Material for this exercise
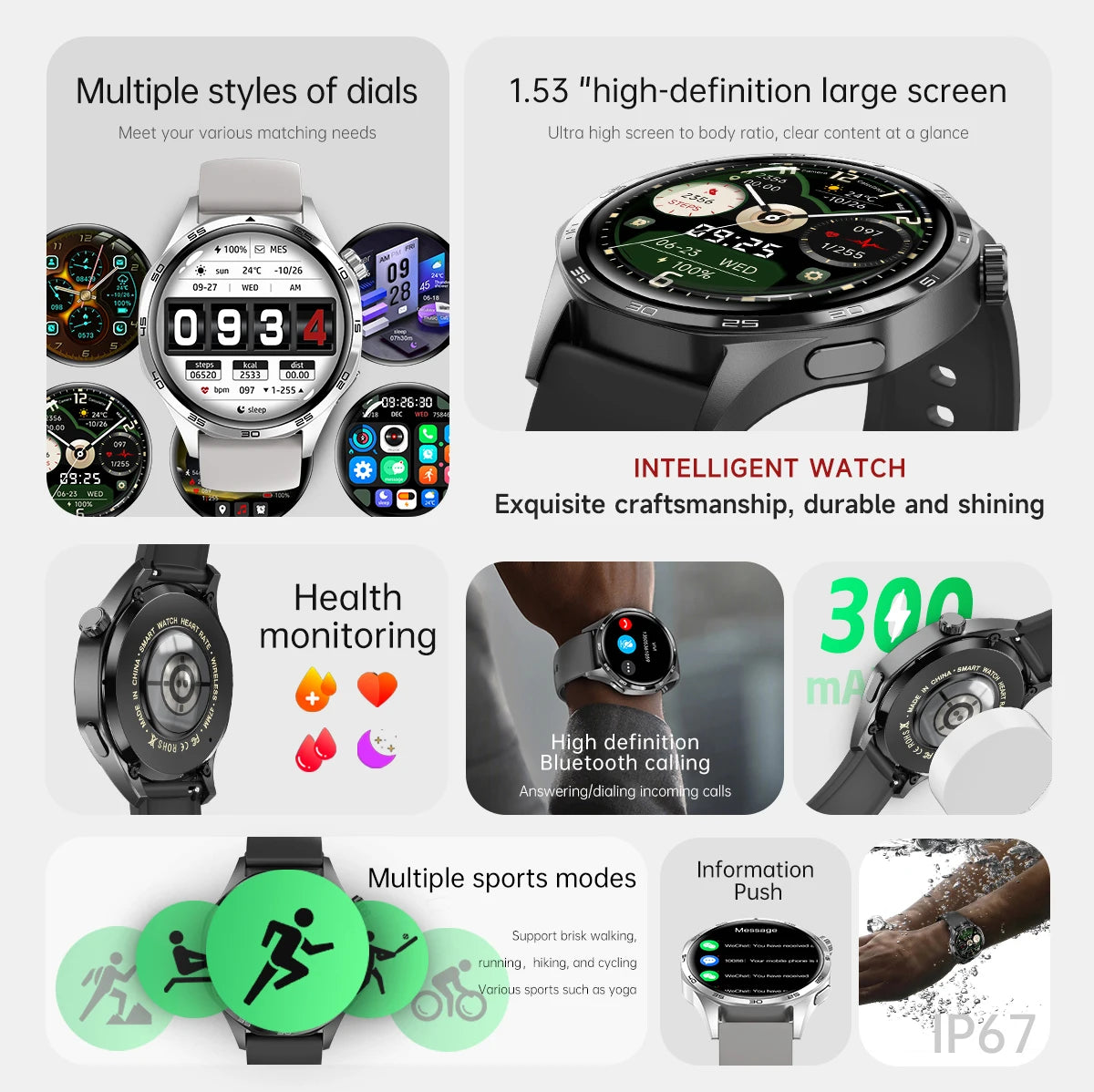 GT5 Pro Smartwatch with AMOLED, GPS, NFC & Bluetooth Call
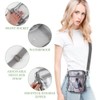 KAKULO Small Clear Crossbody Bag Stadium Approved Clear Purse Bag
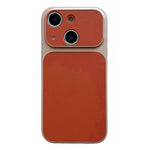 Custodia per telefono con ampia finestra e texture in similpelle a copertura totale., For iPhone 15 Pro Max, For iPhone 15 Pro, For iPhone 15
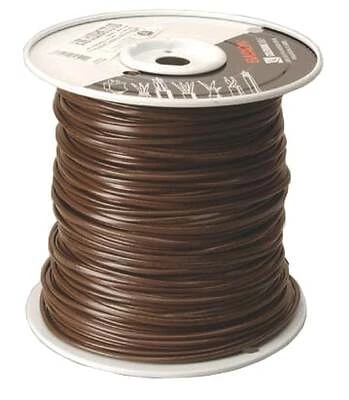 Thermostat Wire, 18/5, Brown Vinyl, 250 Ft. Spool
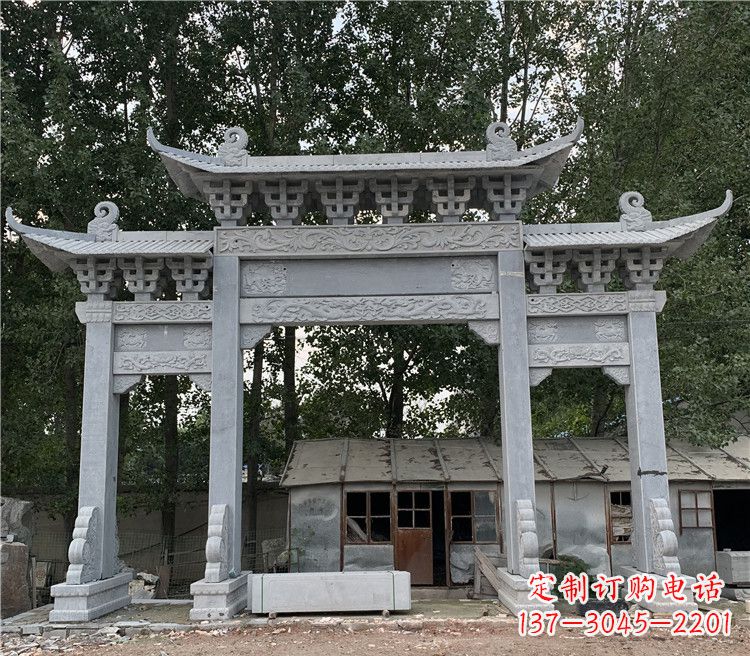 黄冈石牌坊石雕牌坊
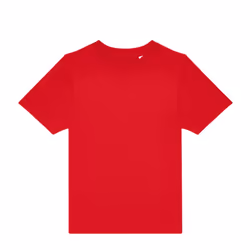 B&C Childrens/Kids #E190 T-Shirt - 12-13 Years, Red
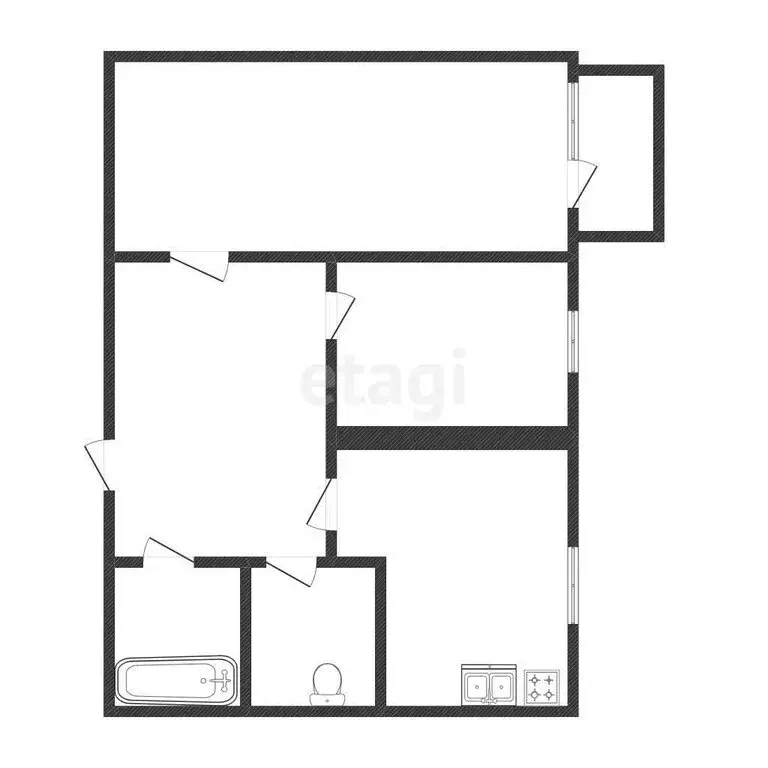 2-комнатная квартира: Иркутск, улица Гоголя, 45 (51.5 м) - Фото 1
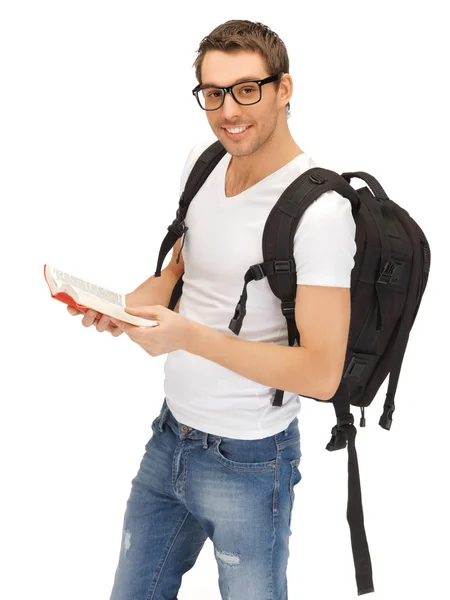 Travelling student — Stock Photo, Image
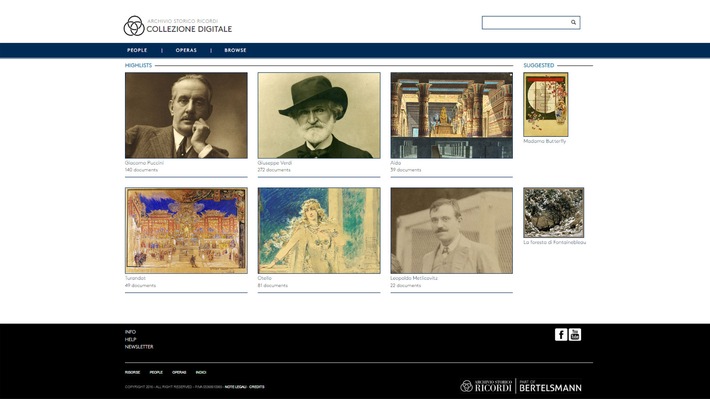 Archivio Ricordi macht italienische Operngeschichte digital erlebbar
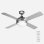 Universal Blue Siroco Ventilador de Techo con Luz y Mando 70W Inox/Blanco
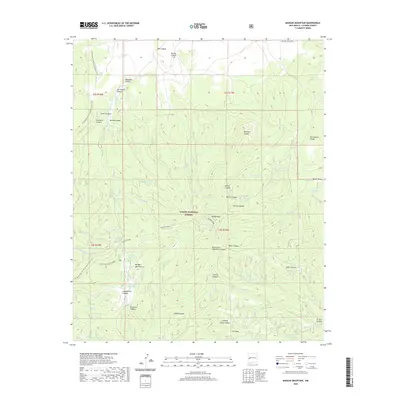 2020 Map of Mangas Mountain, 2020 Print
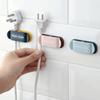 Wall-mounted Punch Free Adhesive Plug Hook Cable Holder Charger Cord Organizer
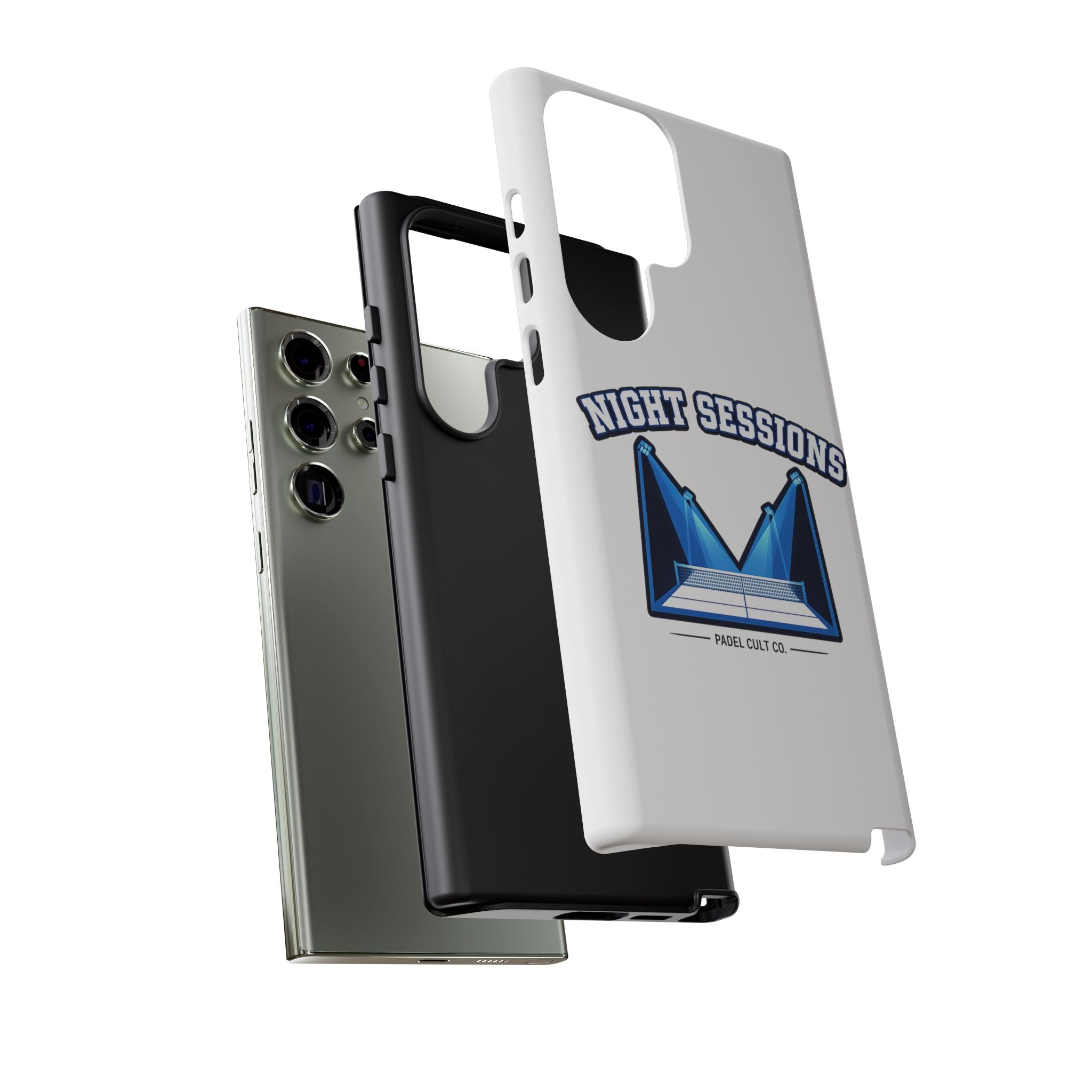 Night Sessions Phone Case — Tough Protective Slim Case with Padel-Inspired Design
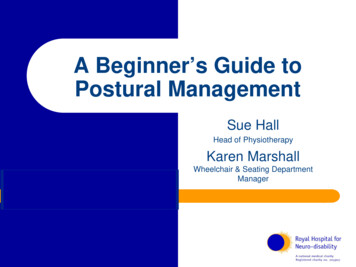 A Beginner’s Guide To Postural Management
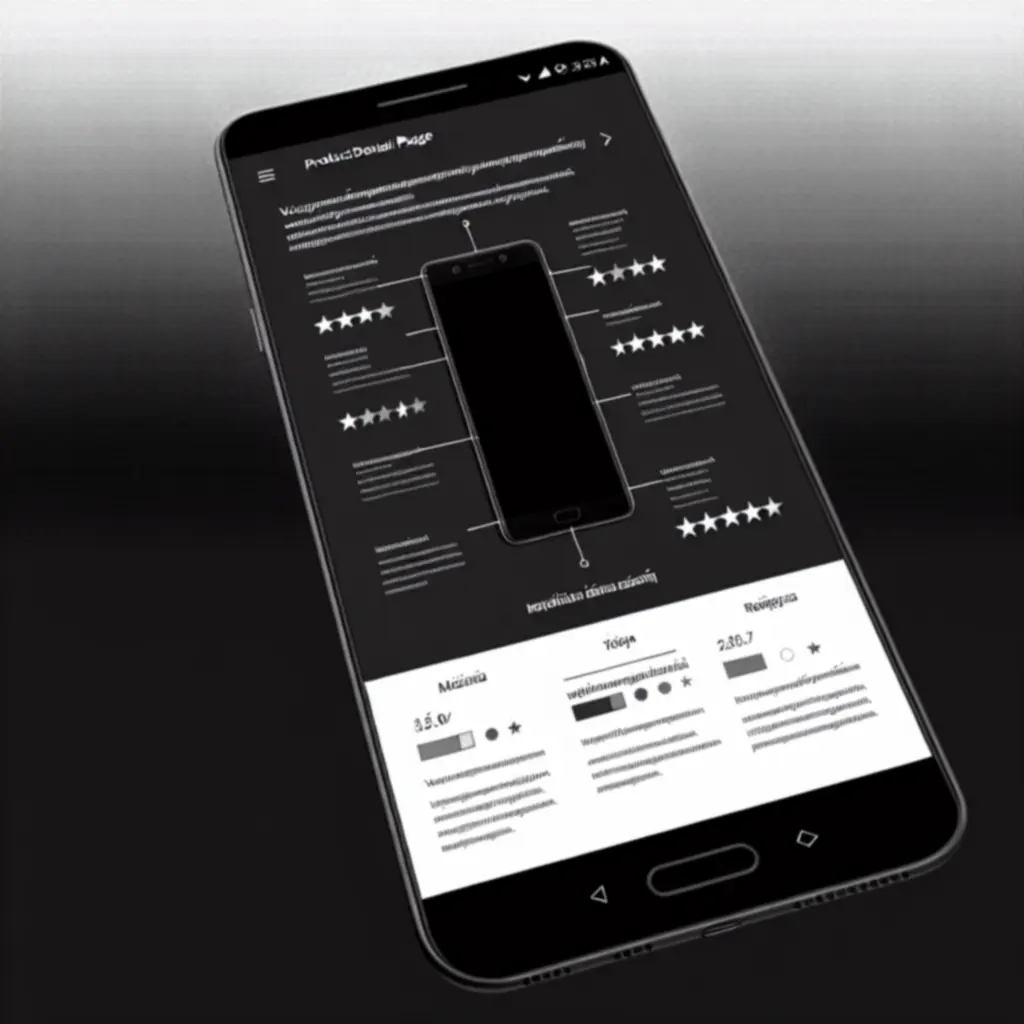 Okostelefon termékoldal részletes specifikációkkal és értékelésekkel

What the exercise asks
Please repeat, exactly as written, only the lines from the line with "2020 Map of Mangas Mountain, 2020 Print" to the end of the data, leaving out every picture.

Task response
 2020 Map of Mangas Mountain, 2020 Print
 Wall-mounted Punch Free Adhesive Plug Hook Cable Holder Charger Cord Organizer
 Night Sessions Phone Case — Tough Protective Slim Case with Padel-Inspired Design
 A Beginner’s Guide To Postural Management
 Okostelefon termékoldal részletes specifikációkkal és értékelésekkel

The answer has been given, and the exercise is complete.